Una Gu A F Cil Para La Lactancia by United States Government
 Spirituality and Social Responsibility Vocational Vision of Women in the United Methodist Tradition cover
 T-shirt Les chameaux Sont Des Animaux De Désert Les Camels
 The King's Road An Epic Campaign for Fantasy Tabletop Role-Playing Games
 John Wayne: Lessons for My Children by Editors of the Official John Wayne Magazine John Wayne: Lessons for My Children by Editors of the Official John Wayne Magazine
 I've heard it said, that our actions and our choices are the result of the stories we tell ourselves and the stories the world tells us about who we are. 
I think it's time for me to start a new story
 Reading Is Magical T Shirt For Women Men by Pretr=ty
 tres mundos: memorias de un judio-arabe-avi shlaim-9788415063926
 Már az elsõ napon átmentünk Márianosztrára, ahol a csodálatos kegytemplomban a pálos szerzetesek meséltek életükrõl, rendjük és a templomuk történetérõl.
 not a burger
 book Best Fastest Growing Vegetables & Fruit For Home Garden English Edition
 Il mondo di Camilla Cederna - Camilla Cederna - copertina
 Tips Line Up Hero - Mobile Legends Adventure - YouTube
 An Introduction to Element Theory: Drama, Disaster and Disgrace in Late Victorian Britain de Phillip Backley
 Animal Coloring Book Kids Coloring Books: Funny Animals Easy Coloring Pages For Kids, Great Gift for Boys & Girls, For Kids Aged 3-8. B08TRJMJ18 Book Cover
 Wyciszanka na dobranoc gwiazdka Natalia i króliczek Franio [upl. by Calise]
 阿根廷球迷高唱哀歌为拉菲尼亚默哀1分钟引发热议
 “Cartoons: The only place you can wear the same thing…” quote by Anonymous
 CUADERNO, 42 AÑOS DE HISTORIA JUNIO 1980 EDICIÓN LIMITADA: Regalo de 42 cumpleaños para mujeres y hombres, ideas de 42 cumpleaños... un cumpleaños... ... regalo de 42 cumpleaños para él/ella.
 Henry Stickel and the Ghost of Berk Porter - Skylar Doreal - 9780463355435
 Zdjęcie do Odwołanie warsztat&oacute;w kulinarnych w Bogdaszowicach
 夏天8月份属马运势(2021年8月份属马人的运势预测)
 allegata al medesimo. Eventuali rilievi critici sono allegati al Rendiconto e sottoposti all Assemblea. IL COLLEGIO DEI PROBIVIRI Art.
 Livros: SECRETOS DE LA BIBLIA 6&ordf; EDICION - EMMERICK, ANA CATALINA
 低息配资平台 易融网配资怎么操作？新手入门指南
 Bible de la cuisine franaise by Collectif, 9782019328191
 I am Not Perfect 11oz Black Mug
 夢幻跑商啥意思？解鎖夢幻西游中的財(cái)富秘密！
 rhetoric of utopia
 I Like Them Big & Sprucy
--------------------
◆ **EXERCISE BRIEF**: Please reproduce the material in its entirety, exactly as it stands.

◆ **ANSWER BELOW**:
Una Gu A F Cil Para La Lactancia by United States Government
 Spirituality and Social Responsibility Vocational Vision of Women in the United Methodist Tradition cover
 T-shirt Les chameaux Sont Des Animaux De Désert Les Camels
 The King's Road An Epic Campaign for Fantasy Tabletop Role-Playing Games
 John Wayne: Lessons for My Children by Editors of the Official John Wayne Magazine John Wayne: Lessons for My Children by Editors of the Official John Wayne Magazine
 I've heard it said, that our actions and our choices are the result of the stories we tell ourselves and the stories the world tells us about who we are. 
I think it's time for me to start a new story
 Reading Is Magical T Shirt For Women Men by Pretr=ty
 tres mundos: memorias de un judio-arabe-avi shlaim-9788415063926
 Már az elsõ napon átmentünk Márianosztrára, ahol a csodálatos kegytemplomban a pálos szerzetesek meséltek életükrõl, rendjük és a templomuk történetérõl.
 not a burger
 book Best Fastest Growing Vegetables & Fruit For Home Garden English Edition
 Il mondo di Camilla Cederna - Camilla Cederna - copertina
 Tips Line Up Hero - Mobile Legends Adventure - YouTube
 An Introduction to Element Theory: Drama, Disaster and Disgrace in Late Victorian Britain de Phillip Backley
 Animal Coloring Book Kids Coloring Books: Funny Animals Easy Coloring Pages For Kids, Great Gift for Boys & Girls, For Kids Aged 3-8. B08TRJMJ18 Book Cover
 Wyciszanka na dobranoc gwiazdka Natalia i króliczek Franio [upl. by Calise]
 阿根廷球迷高唱哀歌为拉菲尼亚默哀1分钟引发热议
 “Cartoons: The only place you can wear the same thing…” quote by Anonymous
 CUADERNO, 42 AÑOS DE HISTORIA JUNIO 1980 EDICIÓN LIMITADA: Regalo de 42 cumpleaños para mujeres y hombres, ideas de 42 cumpleaños... un cumpleaños... ... regalo de 42 cumpleaños para él/ella.
 Henry Stickel and the Ghost of Berk Porter - Skylar Doreal - 9780463355435
 Zdjęcie do Odwołanie warsztat&oacute;w kulinarnych w Bogdaszowicach
 夏天8月份属马运势(2021年8月份属马人的运势预测)
 allegata al medesimo. Eventuali rilievi critici sono allegati al Rendiconto e sottoposti all Assemblea. IL COLLEGIO DEI PROBIVIRI Art.
 Livros: SECRETOS DE LA BIBLIA 6&ordf; EDICION - EMMERICK, ANA CATALINA
 低息配资平台 易融网配资怎么操作？新手入门指南
 Bible de la cuisine franaise by Collectif, 9782019328191
 I am Not Perfect 11oz Black Mug
 夢幻跑商啥意思？解鎖夢幻西游中的財(cái)富秘密！
 rhetoric of utopia
 I Like Them Big & Sprucy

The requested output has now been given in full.